This should have been the signal for a surge of interest in the contemporary gothic scene, but my own observation was that current goth acts struggled to attract a crowd, particularly when the “heritage” acts were in town the same month. As in recent previous years, the best chance seemed to be for those bands who managed to get a support slot with one of the more established bands, with A Cloud of Ravens being particularly successful in this respect, bagging show-opening rights on tours by The Sisters of Mercy and Clan of Xymox, but such examples were sadly rare over the year.

Perhaps one of the main reasons for the mainstream failing to take an interest in newer goth acts, whilst wallowing in the pervading nostalgia, was the fact that many of the leading lights on the current scene took a studio sabbatical in 2023: well-established artists with multi-album careers, such as She Past Away, Then Comes Silence, Kaelan Mikla, Diavol Strain and Whispering Sons didn’t manage an album between them during 2023, although most are planning new releases next year.

In their stead, some of the more recent acts of the current wave took the opportunity to step up a level and stake their claim to higher status within the scene, as most of the bands featuring in this rundown of the best LPs of 2023 in the goth genre were not newcomers to the scene, but on their second or third albums already, and having found their musical feet, now producing the best music of their careers.

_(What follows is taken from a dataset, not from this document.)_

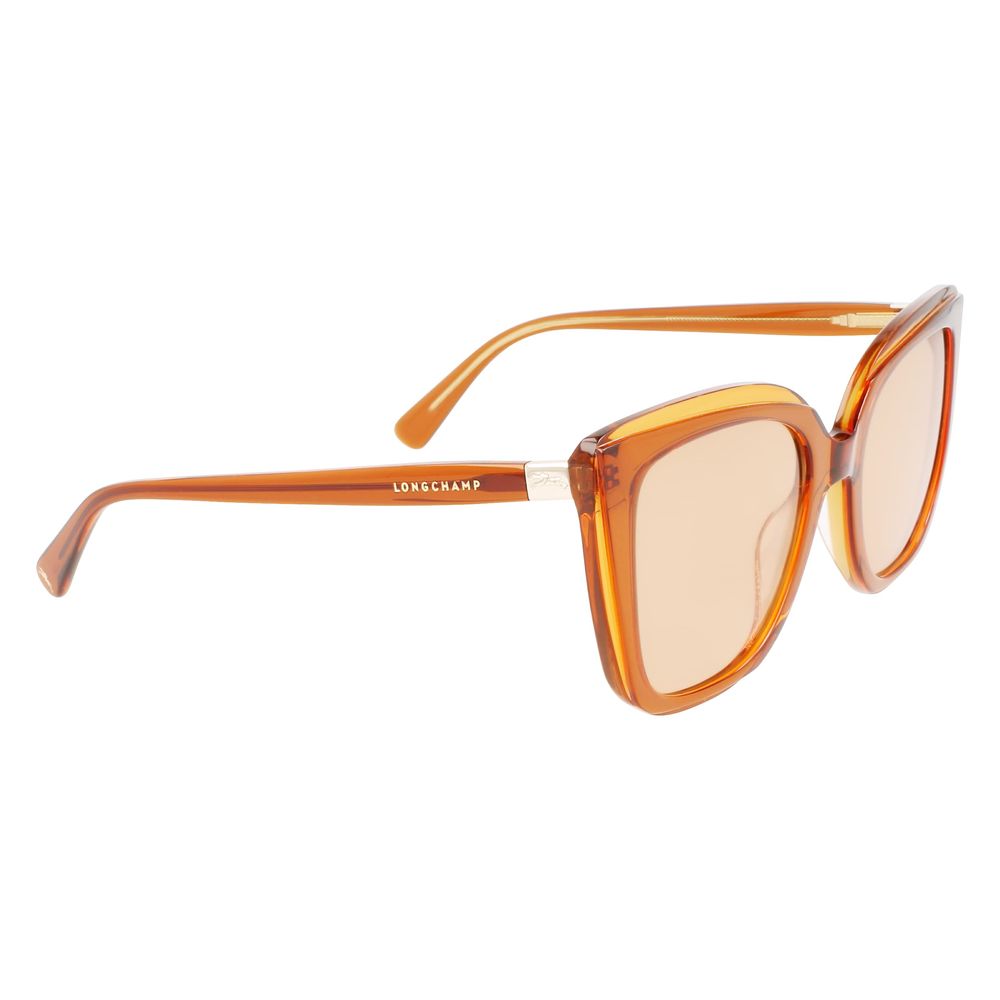 Longchamp Orange Acetate Sunglasses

If 2022 had seen the resurgence of trad goth, the highlights of 2023 feature many bands with a more melodic mainstream-friendly gothic alt-rock sound, although more batcave/death rock/horror punk acts also fared well. This year’s list is notable for a renewed dominance of bands from North America and Western Europe, with fewer new artists of note from other territories than in recent previous years,

The fifteen selections below are presented in no particular order, but all have strong artistic merit and integrity and are all highly recommended!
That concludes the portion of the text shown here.